Even the multilingual language models that are designed to process multiple languages simultaneously perform poorly when it comes to non-Western dialects. One evaluation found that ChatGPT’s responses to health-care questions were significantly worse in Chinese and Hindi than in English or Spanish, because these languages are not well represented in North American datasets.

This validates the calls of many at RightsCon for a more community-driven approach to AI, both in and outside of the social media context. These could include chatbots, small language models, and data sets that are tailored to specific languages and cultural contexts. These systems can be trained to recognize slang and slurs. They can also interpret words and phrases written in a mixture of languages, including alphabets, or identify “reclaimed language”which is a former slur that the targeted group decided to embrace. Language models and automated systems that are trained on Anglo-American English tend to miss or miscategorize all of these. The founder of Shhor AIhosted a panel discussion at RightsCon, and spoke about the new content moderation API that is focused on Indian vernacular language.

Many solutions similar to this have been in development for many years. We’ve covered several of them including a Mozilla-facilitated effort to collect data in languages other that English and promising startups such as Lelapa AI which is building AI in African languages. We even included small language modeling on our list of the top 10 breakthrough technologies for 2025 earlier this year.

Yet, this moment still feels a bit different. The second Trump administration that shapes the policies and actions of American tech firms is clearly a major factor. There are other factors at play.

Firstly, recent research and developments on language models have reached a point where the size of data sets is no longer a factor in performance, which means that more people are able to create them. Aliya Bhatia is a visiting fellow who studies automated content moderation at the Center for Democracy & Technology. She says that “smaller language model might be worthy competition for multilingual language models for specific, low resource languages.”

There’s also the global landscape. AI competition was the major theme of the Paris AI Summit that took place a week before RightsCon. Since then, a steady flow has been made regarding “sovereign AI”which aims to give a nation (or organization), full control over all aspects AI development.

AI sovereignty is only one part of a broader “tech autonomy” that has also gained steam.
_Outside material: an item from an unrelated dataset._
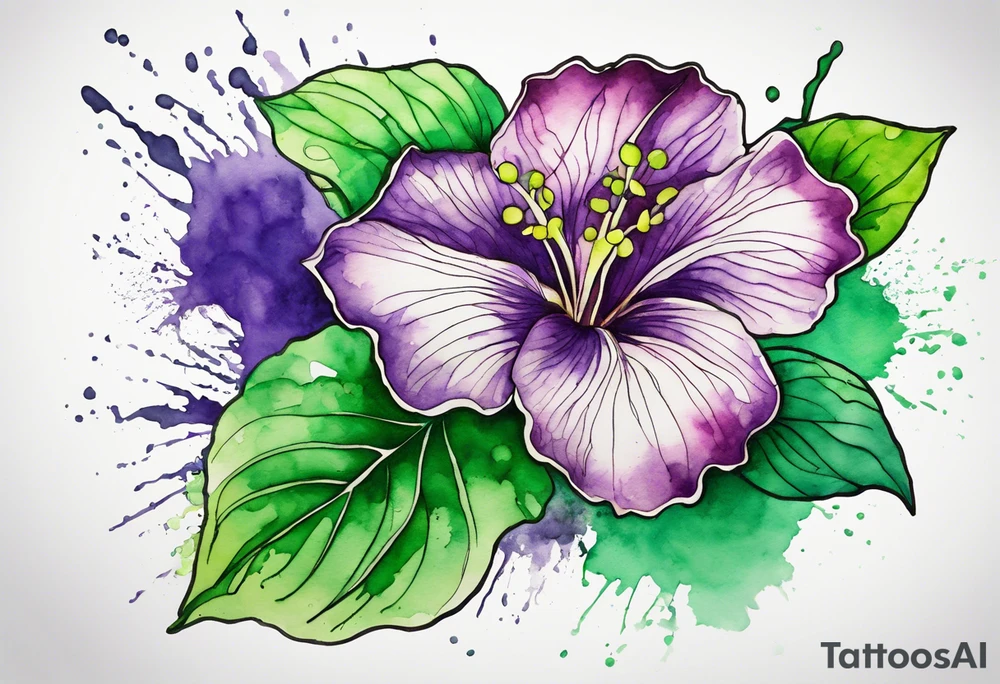 An outline of an only green rio dipladenia flower and a green and purple watercolor splash in the background tattoo idea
It’s a result of broader concerns about the security and privacy of data transferred to America. The European Union appointed its first commissioner for technology sovereignty, security, democracy, and last November. The EU has been working on plans to create a “Euro Stack” or “digital infrastructure.” This could include energy, water and chips, cloud services and software, data and AI, needed to support the modern society and future innovations. US tech companies are responsible for most of these services today. The European efforts are partly modeled on “India Stack”the digital infrastructure of that country, which includes the biometric identification system Aadhaar. Last week, Dutch lawmakers adopted several motions that would free the country from US technology providers.
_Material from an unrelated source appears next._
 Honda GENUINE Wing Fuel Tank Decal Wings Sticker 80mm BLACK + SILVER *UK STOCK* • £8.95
Andy Yen is the CEO of Proton, a Swiss-based digital privacy firm. He told me this at RightsCon. He said that Trump is “causing Europe” to “move faster… to realize that Europe needs regain its tech sovereignty.” This is partly due to the leverage the president has with tech CEOs and also “because tech is the future economic growth for any country.” “I believe there should be guardrails on the role of government in this.” Bhatia says that it becomes tricky if the government decides, “These are the languages we wish to promote” or “These are the types views we wish to be represented in a dataset”. “Fundamentally the training data that a model uses is similar to the worldview that it develops.”

But it’s too early to tell what this all looks like and how much will be hype. No matter what happens, we’ll continue to monitor this space.